Nous sommes exhortés à transformer la difficulté qui se présente et qui bloque, en une générosité qui agit et se déploie. Comme le dit saint Paul, le Christ "nous a acheté cher" (I Co 6, 20). Il a mis le prix, pour que de notre côté nous recevions la bonne nouvelle, cet évangile qui nous est prêché, non pas comme une charge mais comme une perle de grand prix. Rendre amour pour amour : c'est le secret de l'Evangile et de toutes les âmes re-nées.

lundi 2 avril 2012

Horaires de la semaine sainte au Centre Saint Paul

Nous avons fait le plein d'activités ces derniers temps, avec la Retraite Saint Ignace en cinq jours de 18H00 à 21H30 et le Congrès Jeanne d'Arc (de très belle venue : riche, variée, historique et politique). Mais voici la semaine sainte dont je vous donne les horaires... avec un peu de retard !
Mercredi à 19H00: Messe (abbé Mallet) Passion selon saint Luc (récitée)

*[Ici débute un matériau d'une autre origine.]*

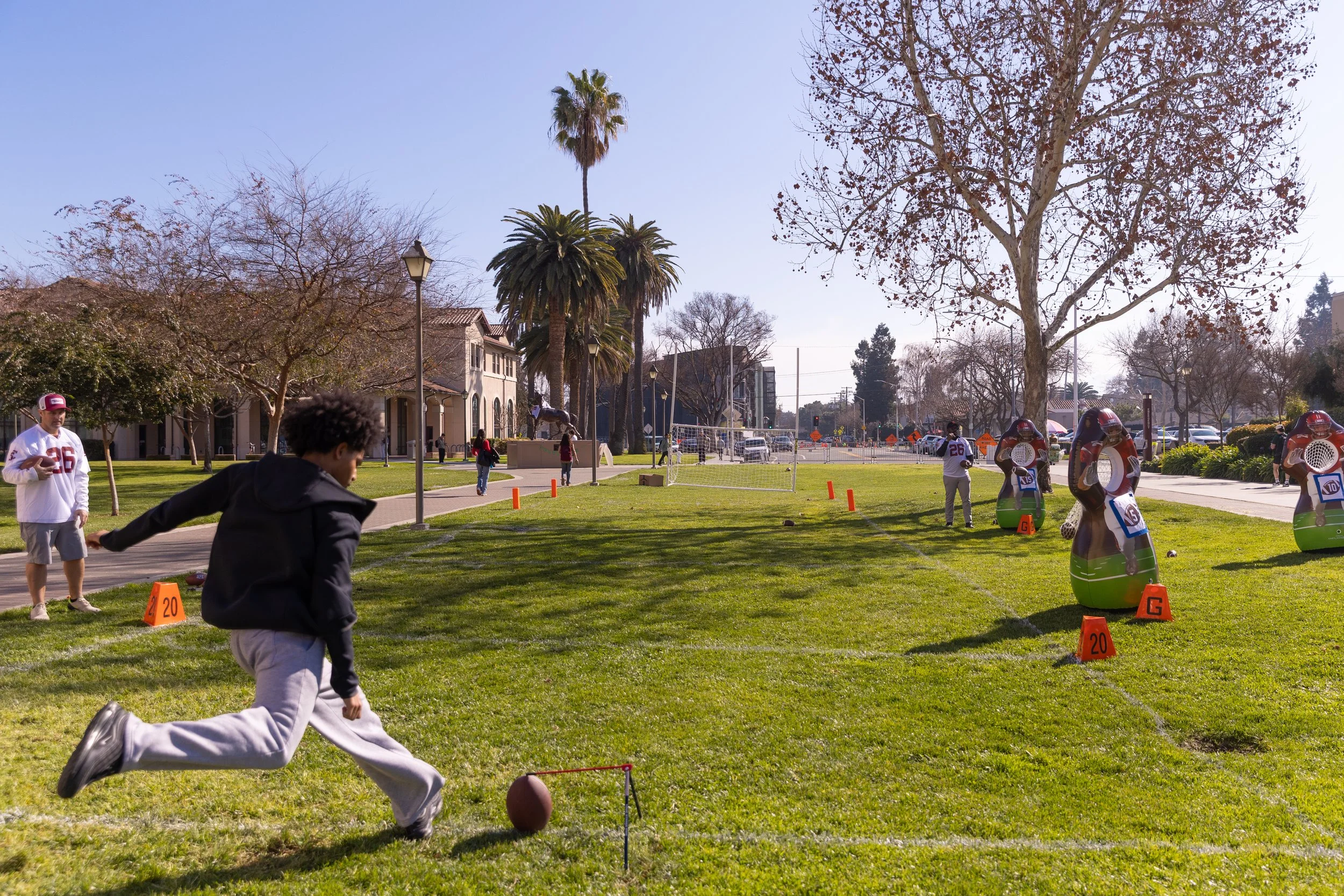 Super Bowl Events Revive a Familiar Question: Where’s Football?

Jeudi à 10H00 : Matines du Jeudi Saint (Ténèbres) - et à 19H00 : Fonction de l'Après-midi, Lavement des pieds, Mandatum, Messe chantée, Adoration au reposoir (abbé de Tanoüarn)

Vendredi à 10H00: Matines du Vendredi Saint - à 15H00: Chemin de la Croix médité (abbé Baumann) - et à 19H00: Messe des Présanctifiés, Impropères, Passion chantée selon saint Jean

Samedi à 10H00: Matines du Samedi saint - et à 21H30: Veillée pascale, chant de l'Exsultet, consécration de l'eau baptismale, baptême d'adulte, Messe de Pâques. Réveillon amical

Dimanche de Pâques - Messes à 10H00, 11H00, 12H30 et 19H00 comme tous les dimanches. La messe de 9H00 n'a pas lieu. Vêpres à 18H00.
Très joyeuses fêtes de Pâques à tous ceux qui aiment trop la vie pour penser qu'elle se finit dans un trou : le Christ, notre Pâque, est ressuscité.